Having located the line with "stripchat-yaramoon_-01-20-2025-09-48-11", print it and each remaining line exactly, stopping at the end of the material and omitting pictures.
--- START ---
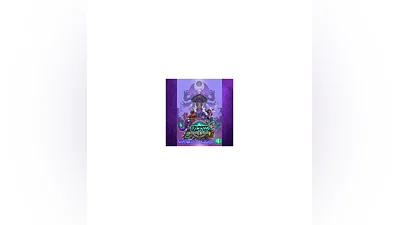 Spirit Hunters Infinite Horde XBOX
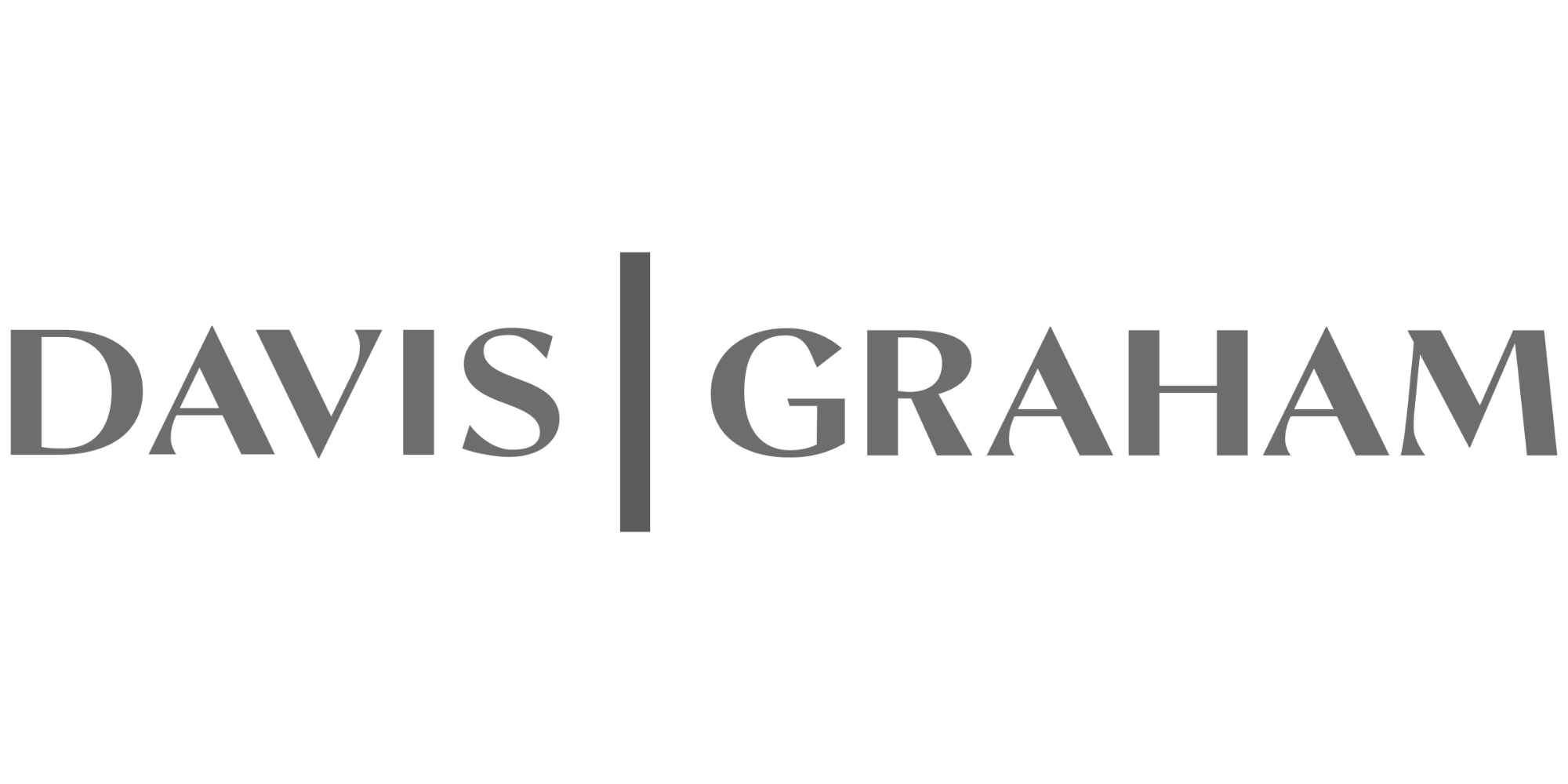 Davis Graham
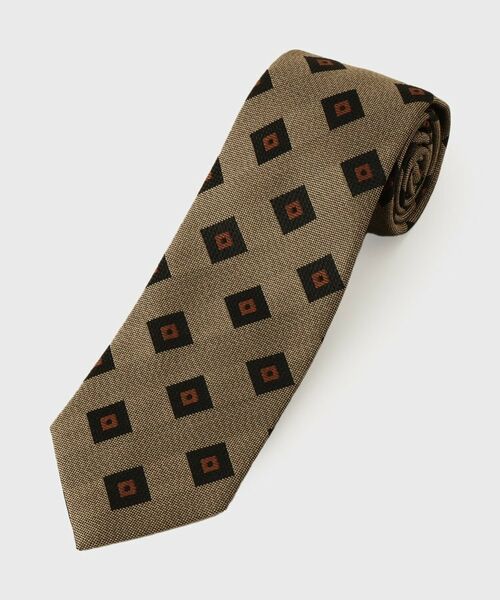 TAKEO KIKUCHI/^PILN` ChVNlN^C g[v(454) 00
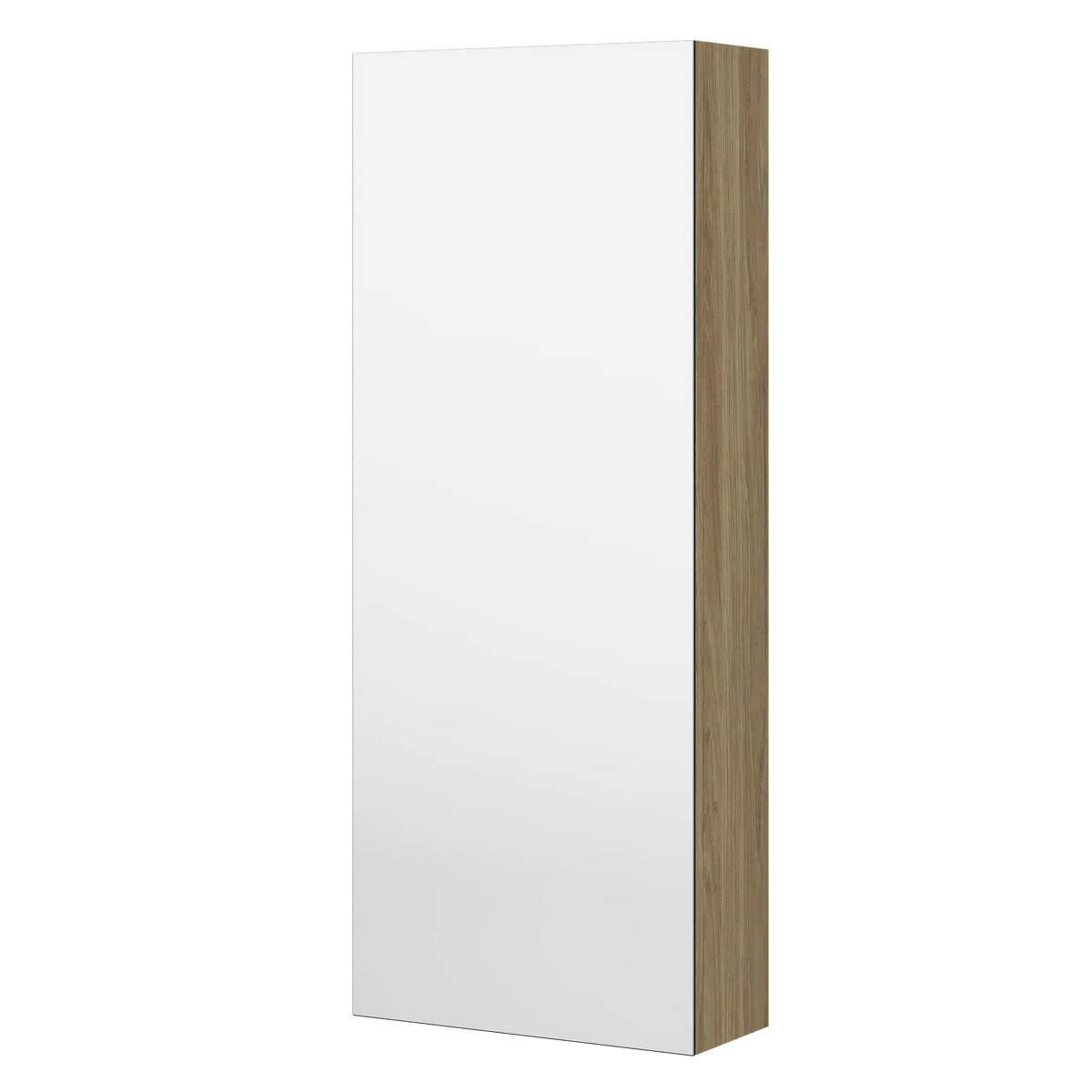 Timberline Jazz Shaving Cabinet - image 11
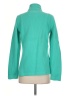 Tommy Bahama Teal Jacket Size S - photo 2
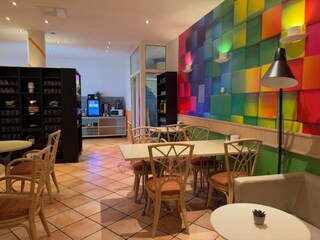 Appartamento Leipzig-Mitte  34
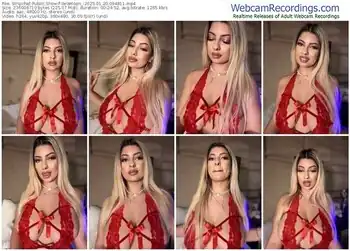 stripchat-yaramoon_-01-20-2025-09-48-11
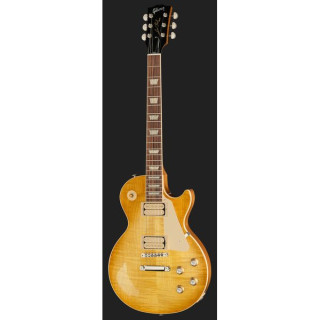 Gibson Les Paul Standard 60s DT VHB Gibson Les Paul Standard 60s DT VHB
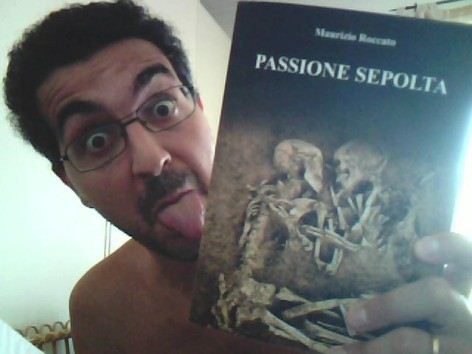 passione-sepolta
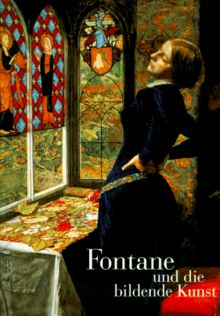 Fontane und die bildende Kunst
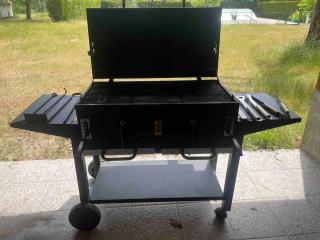 La teranga de Sologne - 5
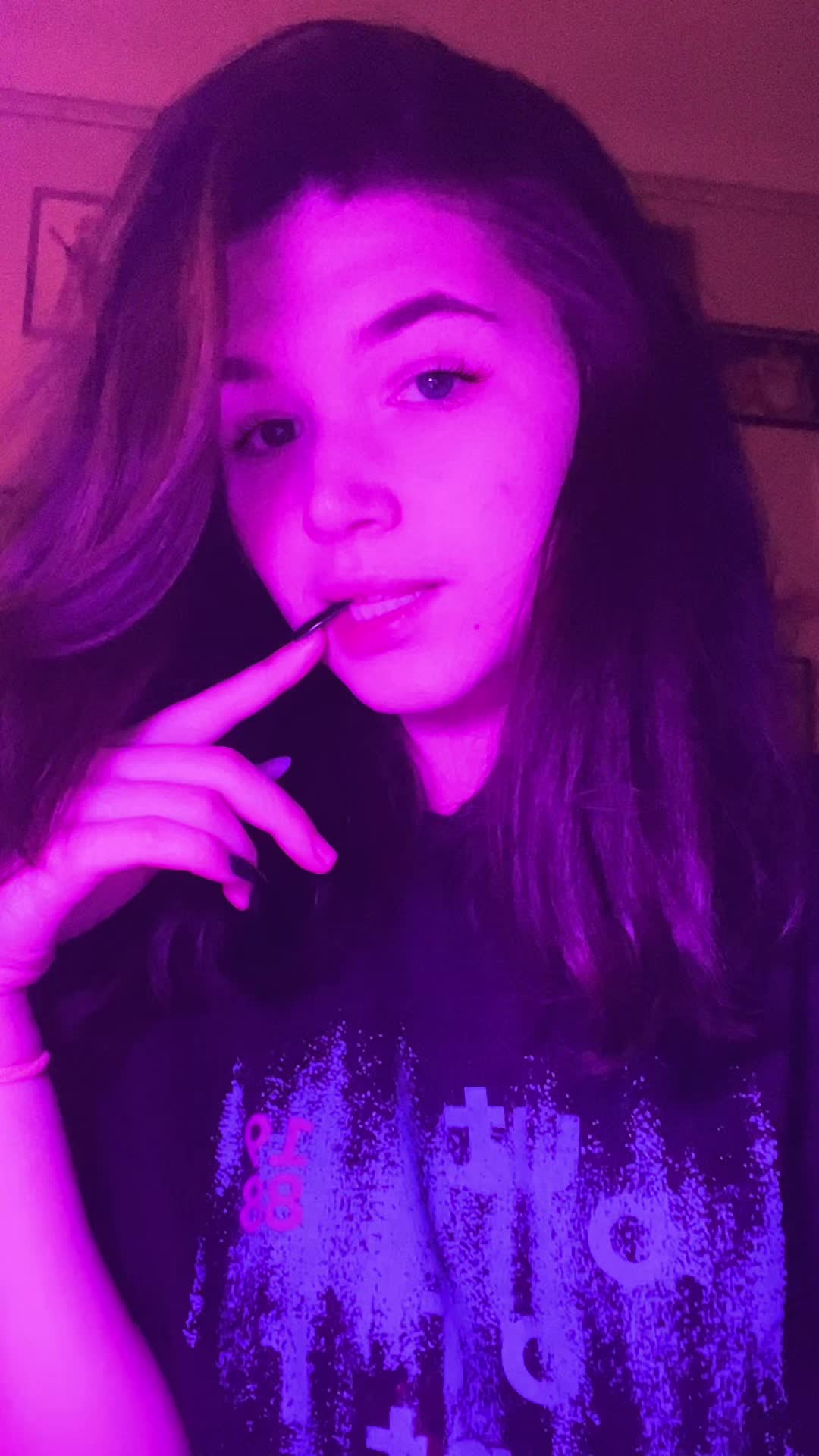 @SvEb.Er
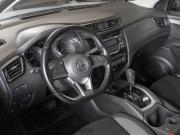 Nissan Qashqai II Рестайлинг Казань  - изображение 13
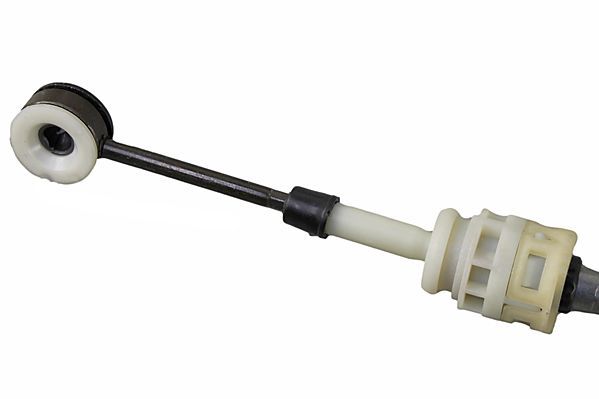 METZGER AUTOTEILE 3150302 Cable Pull, manual transmission
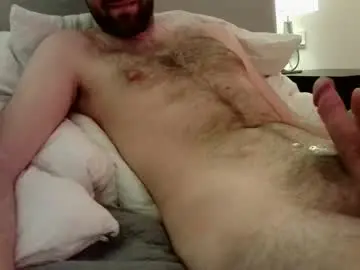 Chaturbate Best Webcam of aleks8686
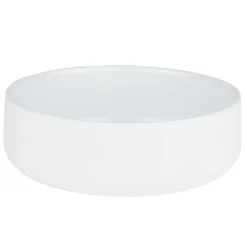 Räder Schalenset Gemeinsame Zeit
--- END ---
**Exercise response:**
 stripchat-yaramoon_-01-20-2025-09-48-11
 Gibson Les Paul Standard 60s DT VHB Gibson Les Paul Standard 60s DT VHB
 passione-sepolta
 Fontane und die bildende Kunst
 La teranga de Sologne - 5
 @SvEb.Er
 Nissan Qashqai II Рестайлинг Казань  - изображение 13
 METZGER AUTOTEILE 3150302 Cable Pull, manual transmission
 Chaturbate Best Webcam of aleks8686
 Räder Schalenset Gemeinsame Zeit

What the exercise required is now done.